According to a major new study, female doctors earn less than their male colleagues from their first days on the job. Over the course of a 40-year career, researchers estimate, this pay gap adds up to at least $2 million.
The survey of more than 80,000 physicians, published Monday in the medical journal Health Affairs, is the largest analysis to date on physician salaries and the first to estimate the cumulative impact of pay gaps in medicine.
“We could see that essentially from year 1 to year 40 there’s a pretty big gap,” said Christopher Whaley, the study’s lead author and a health economist at the RAND Corporation, a non-partisan think tank.
The team of dr. Whaley used research data collected between 2014 and 2019. The pay gap has likely widened since then, he said, as the pandemic has forced women in many fields, including medicine, from the workplace to take on childcare and other household duties. responsibilities, reducing their cumulative career earnings.
“This will likely accelerate physician burnout,” said Dr. Whaley. “And that will only further exacerbate these wage issues.”
The researchers analyzed self-reported salary data submitted to Doximity, a social network similar to LinkedIn that claims to reach 80 percent of physicians in the United States. By comparing wages between men and women with the same amount of experience, the researchers estimated that male physicians earned an average of $8.3 million over a simulated 40-year career, while women earned about $6.3 million — a difference of nearly 25 per cent.
In their calculations, the researchers controlled for a range of factors that strongly influence pay, such as a physician’s specialty, type of practice and patient volume.
For example, more men are becoming surgeons – the highest paid of all physician specialties – while more women are going into primary care. And women have been shown to spend more time with their patients, leading to a lower number of services and procedures to be charged for.
Some of these measures are “themselves the likely manifestations of systemic bias or discrimination,” said Dr. Reshma Jagsi, a radiation oncologist and bioethicist at the University of Michigan medical school who was not involved with the new report.
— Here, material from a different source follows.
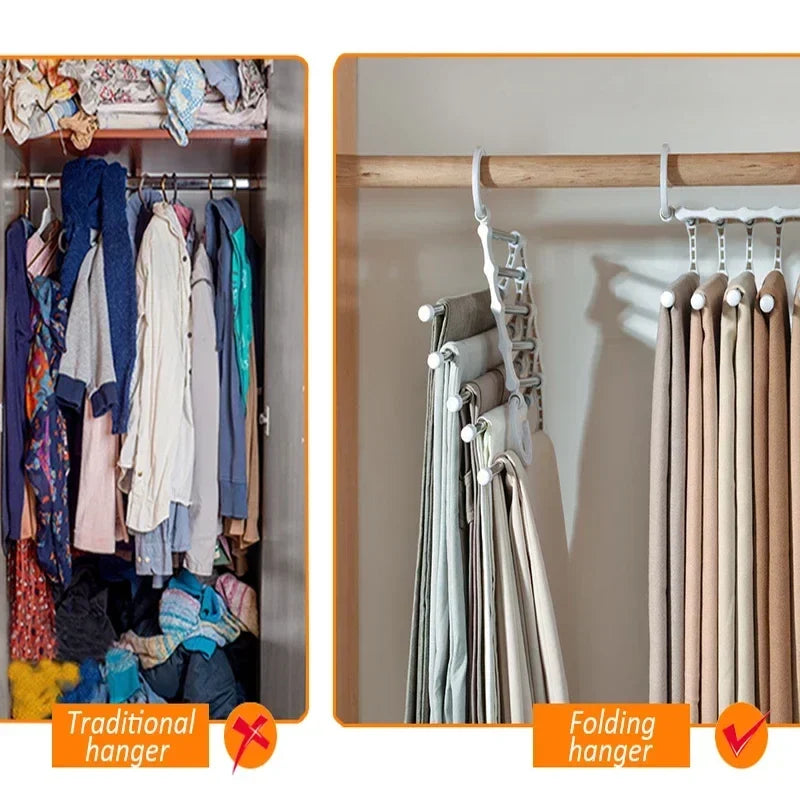 5-in-1 Collapsible Pants Hanger | Space-Saving Closet Organizer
For example, studies have shown a widespread bias against women who apply for jobs in medicine that are traditionally or predominately held by men. And women in academic medicine are less likely to receive major research grants or hold leadership positions.
If the researchers hadn’t controlled for these variables, the estimated pay gap would have been much larger, they said. “Our numbers would roughly double,” said Dr. Whaley.
Even within specialties, the calculated pay gaps were significant: highest among surgeons, at around $2.5 million, and lowest among general practitioners, at nearly $920,000.
Although disparities in all sectors have narrowed in recent decades, almost all professions still pay women less. And the gap is wider among health care providers than among people with computer and technical jobs, for example.
The new study did not include data on people identifying as non-binary or transgender, and did not specify the race of the respondents, which previous research has shown is also a large factor influencing physician pay.
Salary information by race “is not systematically recorded anywhere,” said Dr. Whaley. “And I think that’s an important data limitation.”
The pay gaps started at the beginning of a doctor’s career and continued to widen until about 10 years without recovering, the study found. The gap remained stable for the rest of their careers, with women never catching up with the men.
This finding is “worrying, but not surprising,” said Dr. Snigdha Jain, a pulmonary and critical care physician at Yale School of Medicine who was not involved in the study. “Women physicians, who are in the prime of their reproductive years when they begin practice, experience insufficient maternity leave, inadequate guidance on return to work, and a disproportionate burden on childcare in subsequent years.”
While about the same number of women graduate from medical school as men, women make up only 36 percent of working doctors. Because the new study didn’t track individuals over time, it couldn’t capture the effects of this “leaky pipeline” on women’s cumulative income, said Dr. jain.
The findings suggest that the pay gap could be narrowed with policy changes affecting younger physicians, said Dr. Whaley. Offering more paid time off and more flexible scheduling, he said, or making salaries more transparent could help women earn their fair share.